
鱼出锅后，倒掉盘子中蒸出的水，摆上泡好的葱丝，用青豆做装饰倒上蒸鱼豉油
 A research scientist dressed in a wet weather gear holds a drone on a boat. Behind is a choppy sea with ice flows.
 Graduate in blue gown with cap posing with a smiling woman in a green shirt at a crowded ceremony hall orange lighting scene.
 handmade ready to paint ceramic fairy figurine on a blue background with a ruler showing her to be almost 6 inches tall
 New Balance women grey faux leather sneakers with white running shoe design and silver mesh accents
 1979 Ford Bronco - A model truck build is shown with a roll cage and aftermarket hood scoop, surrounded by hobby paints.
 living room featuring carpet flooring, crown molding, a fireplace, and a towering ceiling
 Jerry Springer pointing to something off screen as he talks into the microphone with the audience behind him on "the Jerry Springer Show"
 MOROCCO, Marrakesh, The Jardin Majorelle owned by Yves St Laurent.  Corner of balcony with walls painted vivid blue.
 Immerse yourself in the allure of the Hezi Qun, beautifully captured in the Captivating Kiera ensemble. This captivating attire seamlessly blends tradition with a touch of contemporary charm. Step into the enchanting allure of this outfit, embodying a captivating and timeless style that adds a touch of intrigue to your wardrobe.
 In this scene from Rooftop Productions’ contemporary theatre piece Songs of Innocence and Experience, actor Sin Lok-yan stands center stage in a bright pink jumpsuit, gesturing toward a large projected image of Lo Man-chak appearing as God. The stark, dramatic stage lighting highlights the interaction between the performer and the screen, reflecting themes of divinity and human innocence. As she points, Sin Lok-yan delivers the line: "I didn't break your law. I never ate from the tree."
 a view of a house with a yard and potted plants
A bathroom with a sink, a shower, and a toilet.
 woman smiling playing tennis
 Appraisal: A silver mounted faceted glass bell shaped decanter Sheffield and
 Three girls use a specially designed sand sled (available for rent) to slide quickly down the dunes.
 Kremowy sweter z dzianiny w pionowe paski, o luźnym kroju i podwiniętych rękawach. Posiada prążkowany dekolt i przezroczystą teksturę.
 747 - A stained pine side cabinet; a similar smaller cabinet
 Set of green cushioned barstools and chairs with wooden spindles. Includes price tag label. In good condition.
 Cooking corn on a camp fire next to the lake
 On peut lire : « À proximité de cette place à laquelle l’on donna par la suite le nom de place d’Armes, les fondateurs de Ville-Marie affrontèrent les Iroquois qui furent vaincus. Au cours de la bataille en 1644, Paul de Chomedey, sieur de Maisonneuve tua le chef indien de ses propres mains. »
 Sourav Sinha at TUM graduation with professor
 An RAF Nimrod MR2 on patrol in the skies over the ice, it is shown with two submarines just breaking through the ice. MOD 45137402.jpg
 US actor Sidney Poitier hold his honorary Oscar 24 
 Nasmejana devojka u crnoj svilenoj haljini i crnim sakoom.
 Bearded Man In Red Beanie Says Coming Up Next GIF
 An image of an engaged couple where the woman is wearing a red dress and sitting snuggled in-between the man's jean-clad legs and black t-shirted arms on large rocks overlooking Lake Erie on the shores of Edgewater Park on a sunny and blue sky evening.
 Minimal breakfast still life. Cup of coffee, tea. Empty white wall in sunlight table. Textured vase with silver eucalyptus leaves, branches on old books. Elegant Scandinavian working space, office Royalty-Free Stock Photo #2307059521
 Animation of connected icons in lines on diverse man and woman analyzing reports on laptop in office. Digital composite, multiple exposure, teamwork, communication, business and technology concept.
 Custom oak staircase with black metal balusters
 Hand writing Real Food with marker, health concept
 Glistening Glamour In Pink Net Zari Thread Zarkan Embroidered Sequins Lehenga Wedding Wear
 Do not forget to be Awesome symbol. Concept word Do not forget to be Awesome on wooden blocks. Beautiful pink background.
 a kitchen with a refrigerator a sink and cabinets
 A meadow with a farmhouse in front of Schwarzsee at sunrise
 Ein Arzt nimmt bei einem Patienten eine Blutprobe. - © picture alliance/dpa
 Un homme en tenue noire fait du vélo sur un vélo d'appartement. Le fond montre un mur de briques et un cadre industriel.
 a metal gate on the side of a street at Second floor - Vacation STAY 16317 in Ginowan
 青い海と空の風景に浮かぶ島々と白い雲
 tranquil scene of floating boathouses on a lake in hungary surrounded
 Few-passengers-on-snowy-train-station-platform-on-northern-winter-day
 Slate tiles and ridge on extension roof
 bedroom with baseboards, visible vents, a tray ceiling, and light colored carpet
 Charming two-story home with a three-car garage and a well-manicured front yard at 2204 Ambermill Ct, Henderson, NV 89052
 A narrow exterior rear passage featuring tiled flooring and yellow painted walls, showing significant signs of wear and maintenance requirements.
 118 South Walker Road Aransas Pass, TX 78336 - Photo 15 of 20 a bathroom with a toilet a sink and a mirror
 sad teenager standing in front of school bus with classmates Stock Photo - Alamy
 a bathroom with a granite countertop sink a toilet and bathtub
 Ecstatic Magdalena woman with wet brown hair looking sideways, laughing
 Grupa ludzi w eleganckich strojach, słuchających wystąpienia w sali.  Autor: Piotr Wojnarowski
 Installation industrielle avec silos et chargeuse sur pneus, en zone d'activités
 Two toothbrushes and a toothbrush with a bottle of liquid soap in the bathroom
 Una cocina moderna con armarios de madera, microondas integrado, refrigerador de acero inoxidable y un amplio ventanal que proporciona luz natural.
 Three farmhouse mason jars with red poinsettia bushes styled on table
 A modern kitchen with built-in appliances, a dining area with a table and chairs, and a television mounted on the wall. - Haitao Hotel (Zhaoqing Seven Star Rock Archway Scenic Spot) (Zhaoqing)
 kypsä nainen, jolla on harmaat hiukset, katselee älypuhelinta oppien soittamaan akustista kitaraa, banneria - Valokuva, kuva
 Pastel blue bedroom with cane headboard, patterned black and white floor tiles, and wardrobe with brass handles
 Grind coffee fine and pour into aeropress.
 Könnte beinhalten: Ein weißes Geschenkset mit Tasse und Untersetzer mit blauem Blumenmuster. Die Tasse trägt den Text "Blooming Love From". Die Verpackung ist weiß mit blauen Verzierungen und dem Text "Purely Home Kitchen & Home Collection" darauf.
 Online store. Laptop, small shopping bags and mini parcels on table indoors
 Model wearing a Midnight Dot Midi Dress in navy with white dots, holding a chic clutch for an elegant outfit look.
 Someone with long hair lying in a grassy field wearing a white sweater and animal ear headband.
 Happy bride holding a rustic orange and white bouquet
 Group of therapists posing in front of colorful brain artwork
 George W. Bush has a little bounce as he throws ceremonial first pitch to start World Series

▶ **YOUR ASSIGNMENT**
Print all the entries exactly as written.

▶ **RESULT OF THIS TASK**
鱼出锅后，倒掉盘子中蒸出的水，摆上泡好的葱丝，用青豆做装饰倒上蒸鱼豉油
 A research scientist dressed in a wet weather gear holds a drone on a boat. Behind is a choppy sea with ice flows.
 Graduate in blue gown with cap posing with a smiling woman in a green shirt at a crowded ceremony hall orange lighting scene.
 handmade ready to paint ceramic fairy figurine on a blue background with a ruler showing her to be almost 6 inches tall
 New Balance women grey faux leather sneakers with white running shoe design and silver mesh accents
 1979 Ford Bronco - A model truck build is shown with a roll cage and aftermarket hood scoop, surrounded by hobby paints.
 living room featuring carpet flooring, crown molding, a fireplace, and a towering ceiling
 Jerry Springer pointing to something off screen as he talks into the microphone with the audience behind him on "the Jerry Springer Show"
 MOROCCO, Marrakesh, The Jardin Majorelle owned by Yves St Laurent.  Corner of balcony with walls painted vivid blue.
 Immerse yourself in the allure of the Hezi Qun, beautifully captured in the Captivating Kiera ensemble. This captivating attire seamlessly blends tradition with a touch of contemporary charm. Step into the enchanting allure of this outfit, embodying a captivating and timeless style that adds a touch of intrigue to your wardrobe.
 In this scene from Rooftop Productions’ contemporary theatre piece Songs of Innocence and Experience, actor Sin Lok-yan stands center stage in a bright pink jumpsuit, gesturing toward a large projected image of Lo Man-chak appearing as God. The stark, dramatic stage lighting highlights the interaction between the performer and the screen, reflecting themes of divinity and human innocence. As she points, Sin Lok-yan delivers the line: "I didn't break your law. I never ate from the tree."
 a view of a house with a yard and potted plants
A bathroom with a sink, a shower, and a toilet.
 woman smiling playing tennis
 Appraisal: A silver mounted faceted glass bell shaped decanter Sheffield and
 Three girls use a specially designed sand sled (available for rent) to slide quickly down the dunes.
 Kremowy sweter z dzianiny w pionowe paski, o luźnym kroju i podwiniętych rękawach. Posiada prążkowany dekolt i przezroczystą teksturę.
 747 - A stained pine side cabinet; a similar smaller cabinet
 Set of green cushioned barstools and chairs with wooden spindles. Includes price tag label. In good condition.
 Cooking corn on a camp fire next to the lake
 On peut lire : « À proximité de cette place à laquelle l’on donna par la suite le nom de place d’Armes, les fondateurs de Ville-Marie affrontèrent les Iroquois qui furent vaincus. Au cours de la bataille en 1644, Paul de Chomedey, sieur de Maisonneuve tua le chef indien de ses propres mains. »
 Sourav Sinha at TUM graduation with professor
 An RAF Nimrod MR2 on patrol in the skies over the ice, it is shown with two submarines just breaking through the ice. MOD 45137402.jpg
 US actor Sidney Poitier hold his honorary Oscar 24 
 Nasmejana devojka u crnoj svilenoj haljini i crnim sakoom.
 Bearded Man In Red Beanie Says Coming Up Next GIF
 An image of an engaged couple where the woman is wearing a red dress and sitting snuggled in-between the man's jean-clad legs and black t-shirted arms on large rocks overlooking Lake Erie on the shores of Edgewater Park on a sunny and blue sky evening.
 Minimal breakfast still life. Cup of coffee, tea. Empty white wall in sunlight table. Textured vase with silver eucalyptus leaves, branches on old books. Elegant Scandinavian working space, office Royalty-Free Stock Photo #2307059521
 Animation of connected icons in lines on diverse man and woman analyzing reports on laptop in office. Digital composite, multiple exposure, teamwork, communication, business and technology concept.
 Custom oak staircase with black metal balusters
 Hand writing Real Food with marker, health concept
 Glistening Glamour In Pink Net Zari Thread Zarkan Embroidered Sequins Lehenga Wedding Wear
 Do not forget to be Awesome symbol. Concept word Do not forget to be Awesome on wooden blocks. Beautiful pink background.
 a kitchen with a refrigerator a sink and cabinets
 A meadow with a farmhouse in front of Schwarzsee at sunrise
 Ein Arzt nimmt bei einem Patienten eine Blutprobe. - © picture alliance/dpa
 Un homme en tenue noire fait du vélo sur un vélo d'appartement. Le fond montre un mur de briques et un cadre industriel.
 a metal gate on the side of a street at Second floor - Vacation STAY 16317 in Ginowan
 青い海と空の風景に浮かぶ島々と白い雲
 tranquil scene of floating boathouses on a lake in hungary surrounded
 Few-passengers-on-snowy-train-station-platform-on-northern-winter-day
 Slate tiles and ridge on extension roof
 bedroom with baseboards, visible vents, a tray ceiling, and light colored carpet
 Charming two-story home with a three-car garage and a well-manicured front yard at 2204 Ambermill Ct, Henderson, NV 89052
 A narrow exterior rear passage featuring tiled flooring and yellow painted walls, showing significant signs of wear and maintenance requirements.
 118 South Walker Road Aransas Pass, TX 78336 - Photo 15 of 20 a bathroom with a toilet a sink and a mirror
 sad teenager standing in front of school bus with classmates Stock Photo - Alamy
 a bathroom with a granite countertop sink a toilet and bathtub
 Ecstatic Magdalena woman with wet brown hair looking sideways, laughing
 Grupa ludzi w eleganckich strojach, słuchających wystąpienia w sali.  Autor: Piotr Wojnarowski
 Installation industrielle avec silos et chargeuse sur pneus, en zone d'activités
 Two toothbrushes and a toothbrush with a bottle of liquid soap in the bathroom
 Una cocina moderna con armarios de madera, microondas integrado, refrigerador de acero inoxidable y un amplio ventanal que proporciona luz natural.
 Three farmhouse mason jars with red poinsettia bushes styled on table
 A modern kitchen with built-in appliances, a dining area with a table and chairs, and a television mounted on the wall. - Haitao Hotel (Zhaoqing Seven Star Rock Archway Scenic Spot) (Zhaoqing)
 kypsä nainen, jolla on harmaat hiukset, katselee älypuhelinta oppien soittamaan akustista kitaraa, banneria - Valokuva, kuva
 Pastel blue bedroom with cane headboard, patterned black and white floor tiles, and wardrobe with brass handles
 Grind coffee fine and pour into aeropress.
 Könnte beinhalten: Ein weißes Geschenkset mit Tasse und Untersetzer mit blauem Blumenmuster. Die Tasse trägt den Text "Blooming Love From". Die Verpackung ist weiß mit blauen Verzierungen und dem Text "Purely Home Kitchen & Home Collection" darauf.
 Online store. Laptop, small shopping bags and mini parcels on table indoors
 Model wearing a Midnight Dot Midi Dress in navy with white dots, holding a chic clutch for an elegant outfit look.
 Someone with long hair lying in a grassy field wearing a white sweater and animal ear headband.
 Happy bride holding a rustic orange and white bouquet
 Group of therapists posing in front of colorful brain artwork
 George W. Bush has a little bounce as he throws ceremonial first pitch to start World Series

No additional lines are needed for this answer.